#### [The task]
Please reproduce the records below exactly, omitting any pictures they contain.

#### [Study material]

#####

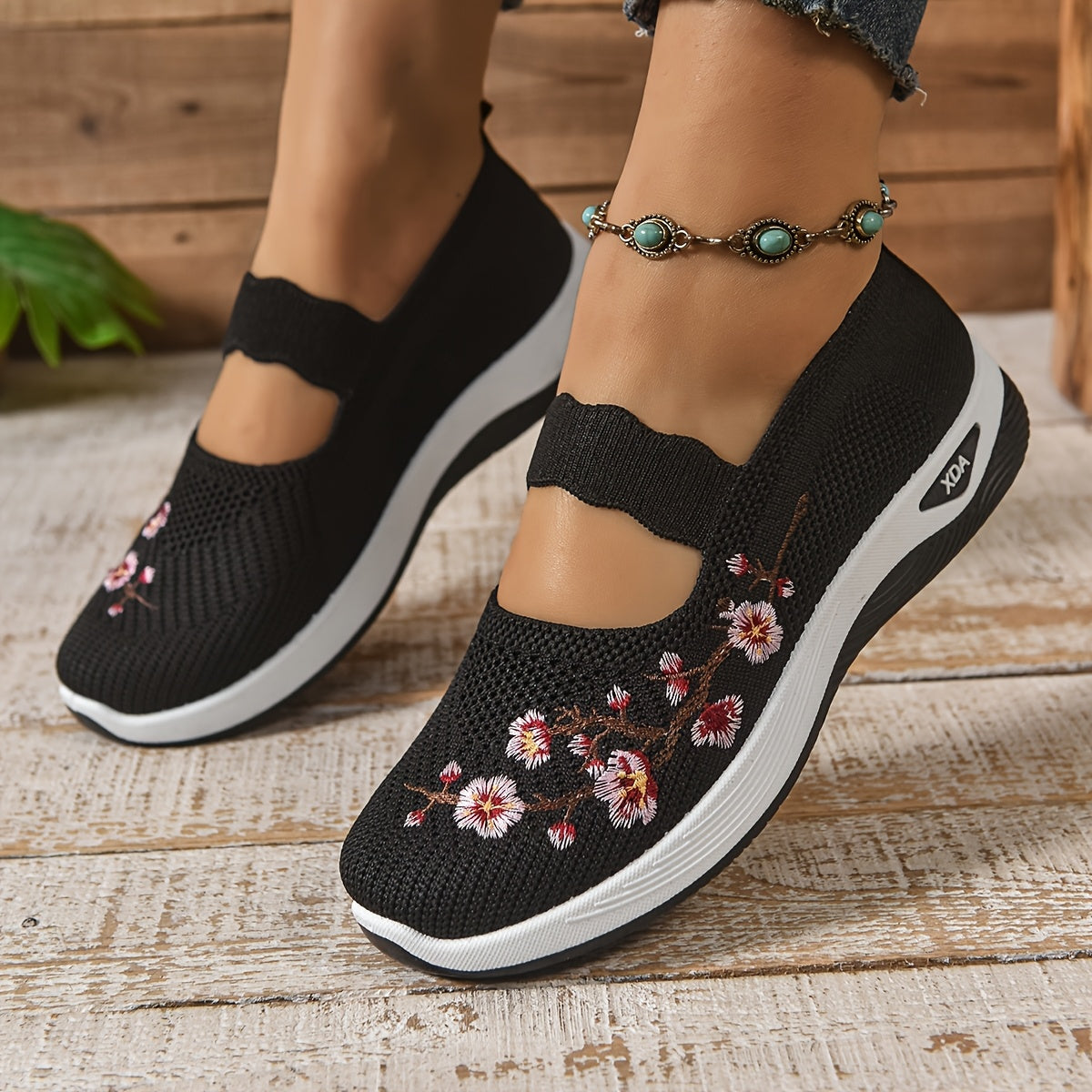 Antislip Orthopedische Wandelschoenen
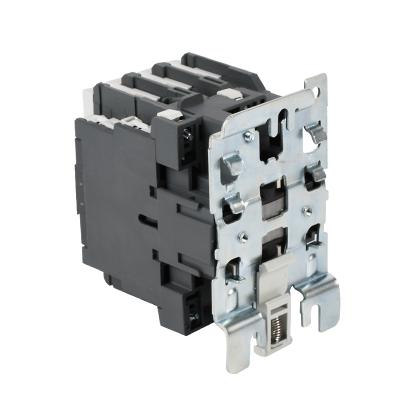 China Silver Electric Contact AOASIS CJX2-40/50/65 380v AC Magnetic Contactor for sale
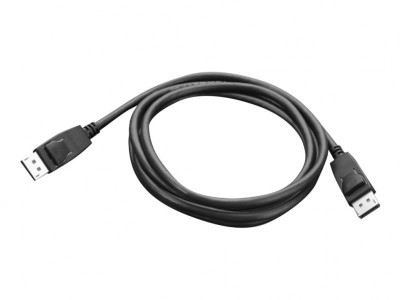 Lenovo : LENOVO DISPLAY PORT cable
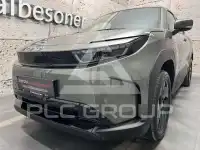 2026 Toyota Urban Cruiser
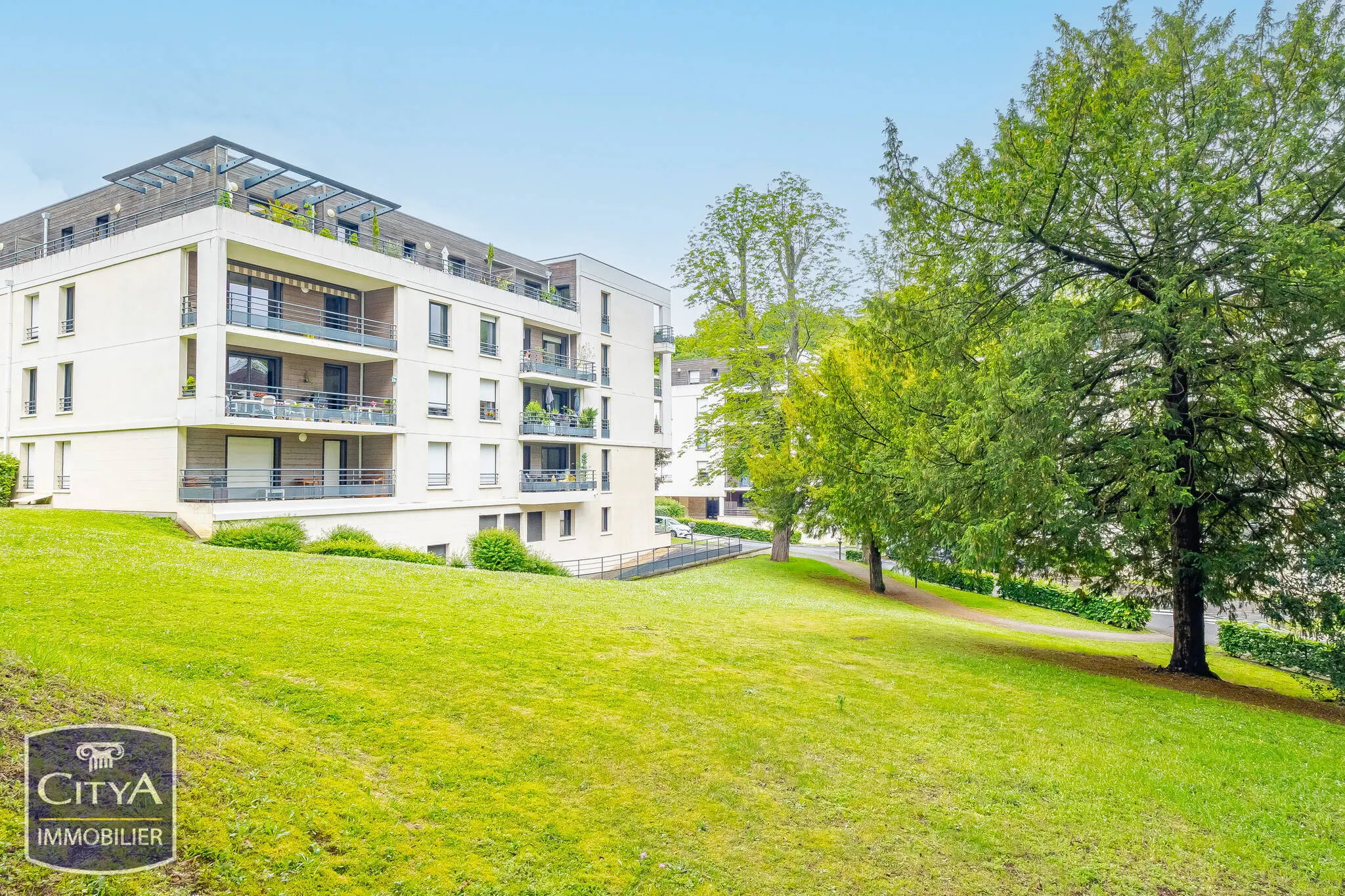 Appartement 4 pièces à Tours — photo 19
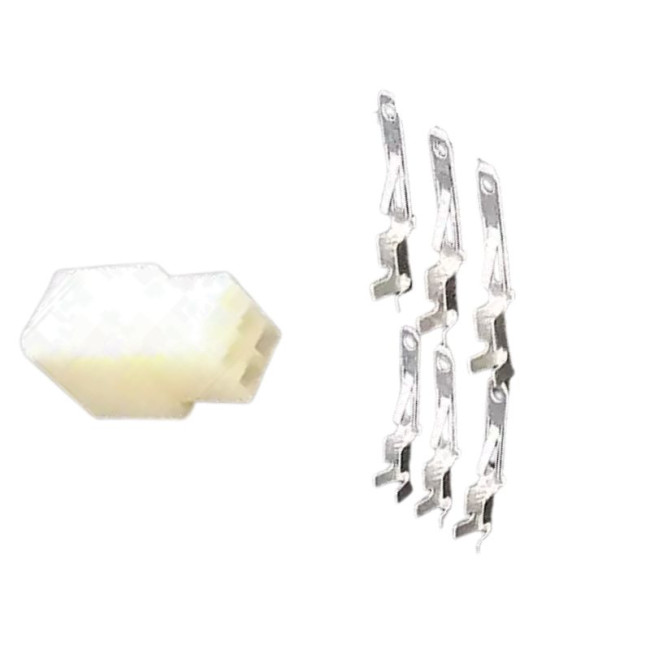 Connecteur Mâle Sumitomo Série MTW 6 voies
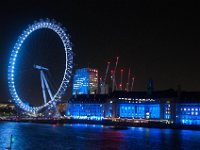 DSC_4072 The London Eye at night -- Trip to London (UK) -- 24 November 2016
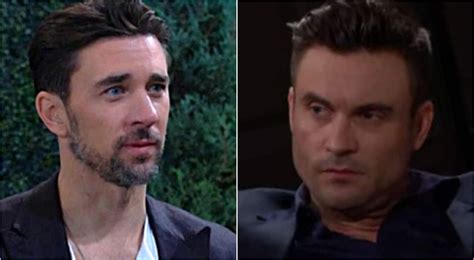 Y&R OPINION: Billy Flynn's Cane Ashby Fools No One as Aristotle Dumas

#####

#### [Solution for this exercise]
 Antislip Orthopedische Wandelschoenen
 China Silver Electric Contact AOASIS CJX2-40/50/65 380v AC Magnetic Contactor for sale
 Lenovo : LENOVO DISPLAY PORT cable
 2026 Toyota Urban Cruiser
 Appartement 4 pièces à Tours — photo 19
 Connecteur Mâle Sumitomo Série MTW 6 voies
 DSC_4072 The London Eye at night -- Trip to London (UK) -- 24 November 2016
 Y&R OPINION: Billy Flynn's Cane Ashby Fools No One as Aristotle Dumas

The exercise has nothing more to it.